Ms Denholm, who has spent four years on Tesla's board, is chief financial officer and head of strategy at Telstra, Australia's biggest telecommunications company.
The announcement comes ahead of a November 13 deadline that was part of Musk's settlement with the U.S. Securities and Exchange Commission to end claims he misled investors.
Tesla was required to select a new chair of the board as part of a deal between Elon Musk and the Trade and Securities Commission following a tweet that suggested Musk had "funding secured" to take Tesla private.

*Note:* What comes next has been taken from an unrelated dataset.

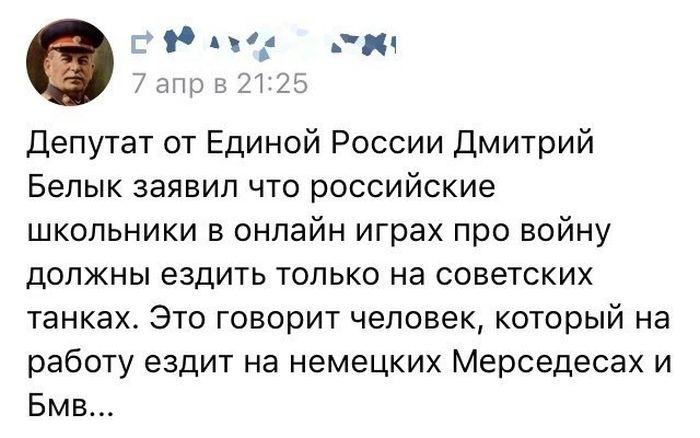 Юмор социальных сетей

Musk will help ease the new board director´s transition, Tesla said. The deal required Musk to not serve as chairman for three years. Tesla's shares soared following his comments.
Tesla, which has never reported an annual profit, also came under strain over production schedules for its Model 3 electric vehicle, its newest auto aimed at a wider market.More news: At least six injured in shooting at California bar
More news: Priyanka Chopra models two bridal looks during her bachelorette party
More news: Yoga studio shooter was a racist misogynist who found solidarity with 'incels'
Denholm is now chief financial officer at Australian telecoms operator Telstra Corp Ltd and has been an independent director on Tesla's board since 2014. Besides Telstra, her previous experience includes Juniper Network, Sun Microsystems and Toyota.
For one, Musk was hit with shareholder lawsuits and an SEC investigation over his tweets about taking the company private.
Email messages sent to Denholm Thursday were not immediately returned. It was only the third time that Tesla has posted a quarterly profit in its eight-year history as a public company and the first time in two years. The mid-priced Tesla Model 3 was the fifth bestselling passenger vehicle in America, according to the industry analyst Edmunds. The aim is to provide stronger oversight to match Tesla's growing stature and market value.
Neither Musk nor Tesla admitted or denied the SEC's findings as part of the settlement.
Musk resigned as Tesla chairman in October under an arrangement with USA regulators to settle fraud charges stemming from a tweet in which he said he planned to take the company private and had financing to do it.